Louis Shalako
When I got up this morning, I had two smokes left.
Normally, I wouldn’t leave the house until around ten o’clock.
I’ve developed quite the routine. To go to
Seven-Eleven, get a cup of coffee. To drive down to the rez, and pick up
anywhere from one pack to a carton of smokes…to take back a few empties to the
beer store and pick up a few more beers. I go to the grocery store for one
litre of milk when it really is cheaper to buy the bag of three litres. It’s a
matter of killing time.
It’s a make-work project. It gives me something to do.

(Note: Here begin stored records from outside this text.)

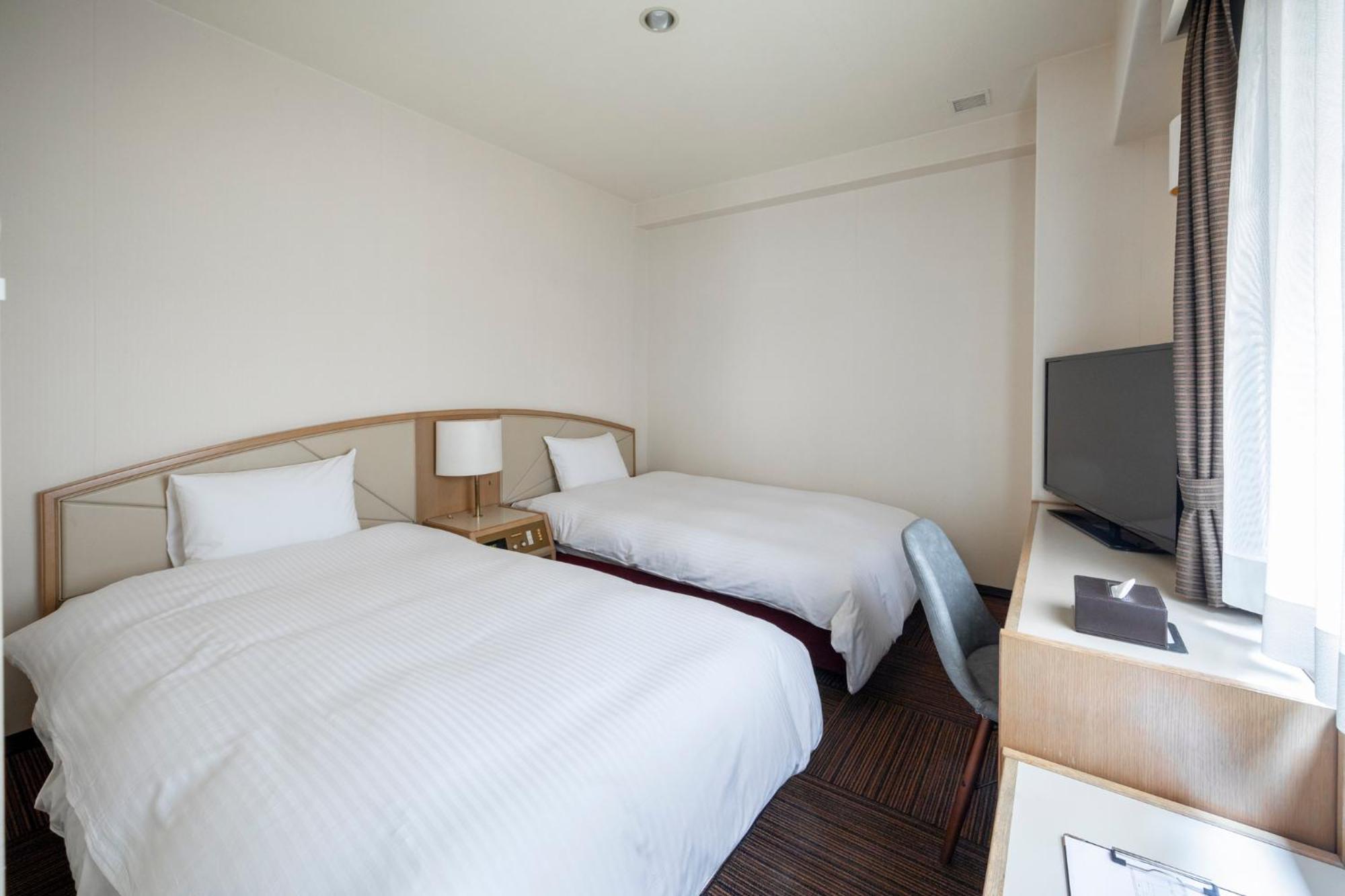 Court Hotel Ніїґата Екстер'єр фото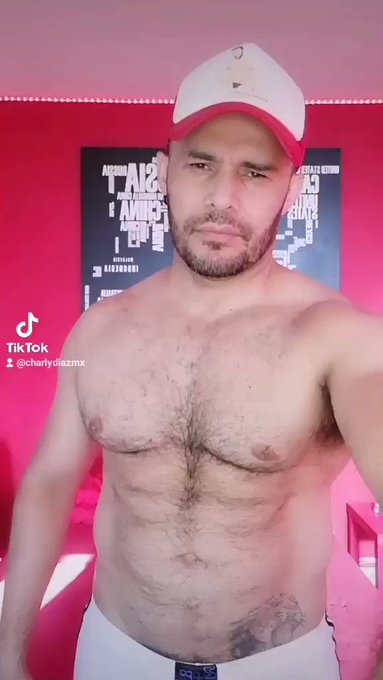 Desde la Habitación ROJA #TeamCharlyDiaz https://t.co/KidjTso7ZL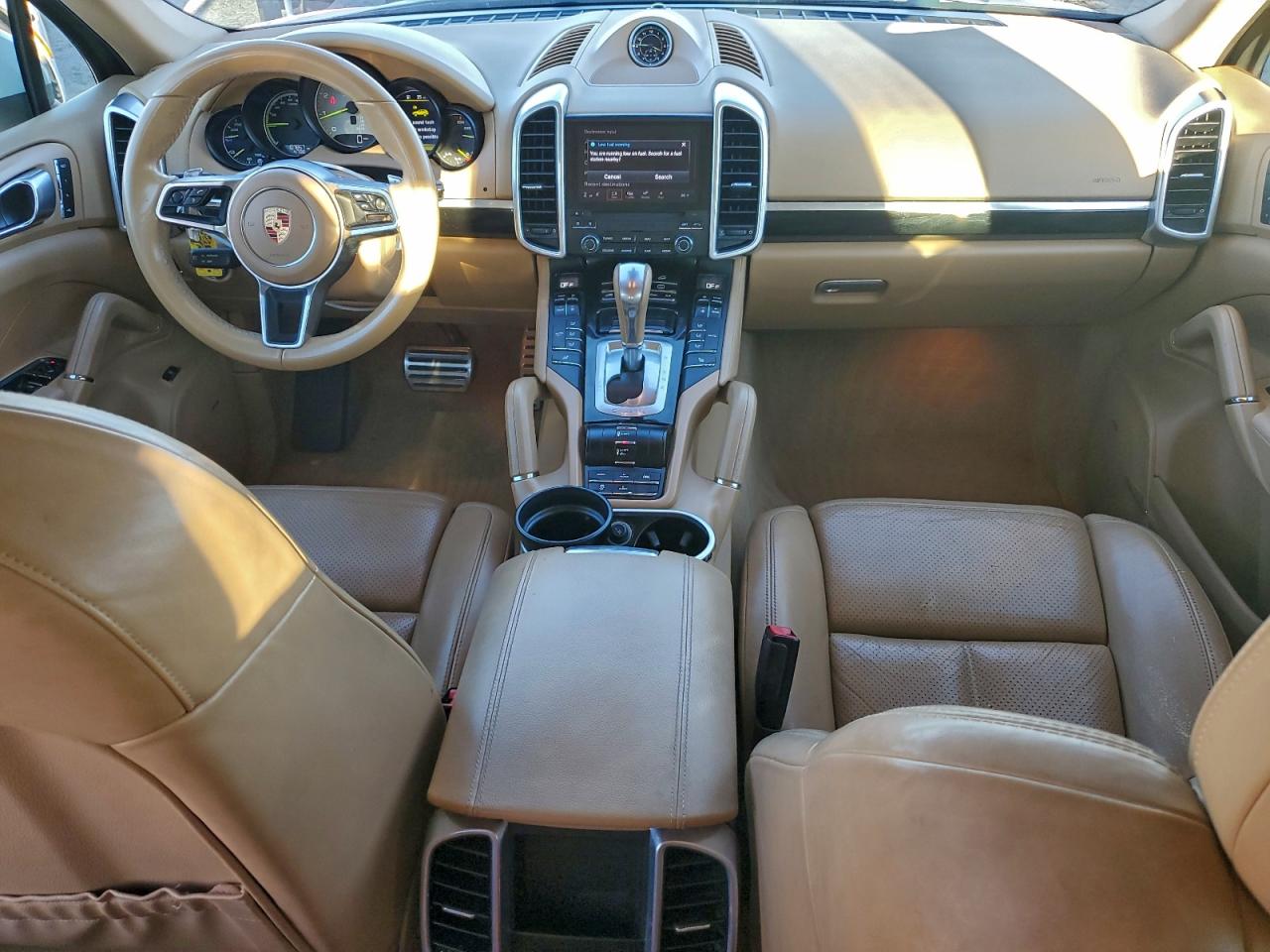 2017 Porsche Cayenne Se Hybrid Platinum VIN: WP1AE2A22HLA71632 Lot: 95040015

Let’s face it. I live alone. I’m not married, I don’t
have a girlfriend or boyfriend. I don’t have kids or grandkids. I don’t have a
job.
I don’t have any hobby outside of writing, although at
one time I did.
Smoking is accessible—anyone can afford to smoke. You
can buy a pack of shitty smokes for two bucks. You can get a can of beer for
two bucks. It does bring a kind of relief—for what it’s worth and for how long
it lasts.
A lot of the time we don’t even get any enjoyment out
of it. It's a kind of sublimation of some other personal desires, at least that's my theory.
It's possible to look back to a time before I smoked. I was happy enough in not smoking...
What in the hell happened...???
How many times have I squinted through the smoke,
choking and gagging a bit, as I tried to put in my password to get in to the
email account?
It doesn’t make any sense.
Today, I skipped the shower, got dressed and rushed
off to get them damned smokes.
So far today, since 7:30 a.m., I’ve had thirteen
cigarettes. It’s about 4:30 p.m. and this is actually pretty good for me.
Normally I would have been onto that second pack by
now.
It is true that I have spent many happy hours, in
front of the computer, with a pack of smokes, a cold beer and working away on
yet another story.
Part of it, I think is boredom—sheer, unmitigated
boredom. It’s like I don’t quite know what to do with myself.
At one time, this might have seemed like the perfect
life.
I also think that quitting—especially smoking,
cold-turkey, would be a little too traumatic.
The time to quit is while I still have money!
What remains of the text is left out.